*Source material:*
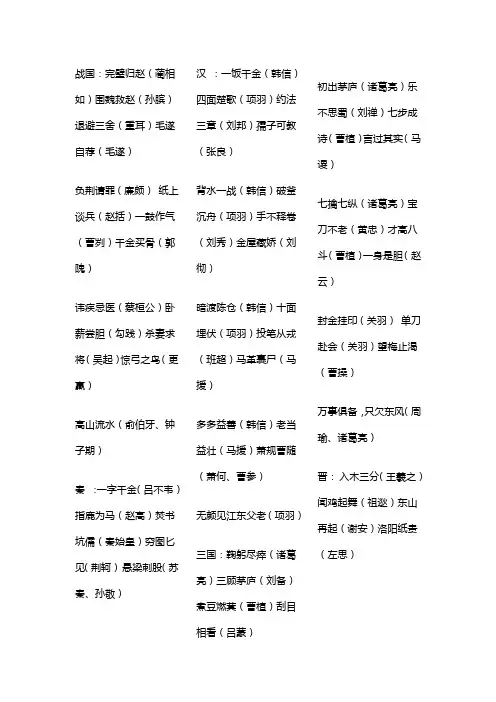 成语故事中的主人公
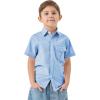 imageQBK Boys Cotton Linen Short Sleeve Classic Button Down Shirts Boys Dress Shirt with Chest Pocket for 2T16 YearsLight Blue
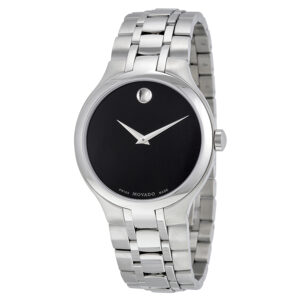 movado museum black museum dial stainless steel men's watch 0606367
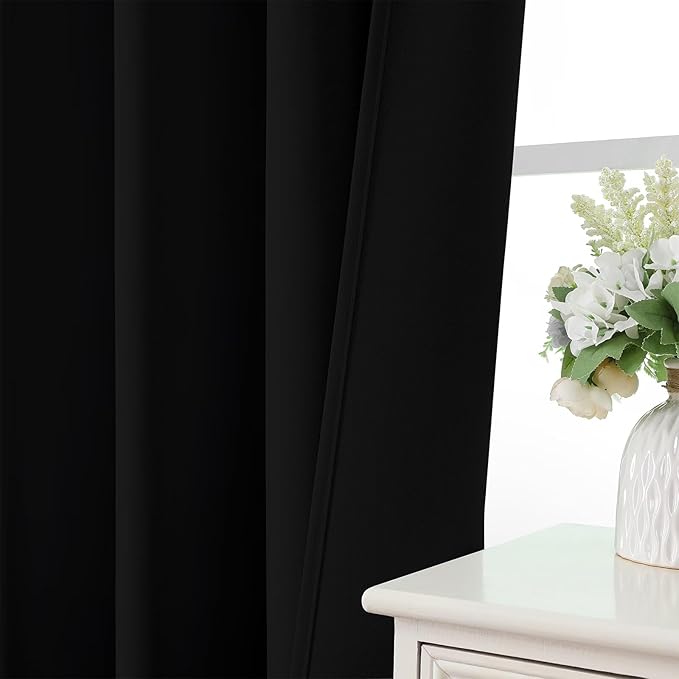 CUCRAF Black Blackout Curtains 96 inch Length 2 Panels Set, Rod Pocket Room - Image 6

--

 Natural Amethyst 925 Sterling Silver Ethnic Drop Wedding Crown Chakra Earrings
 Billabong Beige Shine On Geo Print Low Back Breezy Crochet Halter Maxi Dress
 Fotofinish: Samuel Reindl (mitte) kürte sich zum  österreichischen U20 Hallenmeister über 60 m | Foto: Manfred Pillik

*Instructions for the task:* The required answer is the exact run of lines above starting at the line with "Natural Amethyst 925" and ending at the line with "Fotofinish: Samuel Reindl", with both ends present.

*Solution below:*
 Natural Amethyst 925 Sterling Silver Ethnic Drop Wedding Crown Chakra Earrings
 Billabong Beige Shine On Geo Print Low Back Breezy Crochet Halter Maxi Dress
 Fotofinish: Samuel Reindl (mitte) kürte sich zum  österreichischen U20 Hallenmeister über 60 m | Foto: Manfred Pillik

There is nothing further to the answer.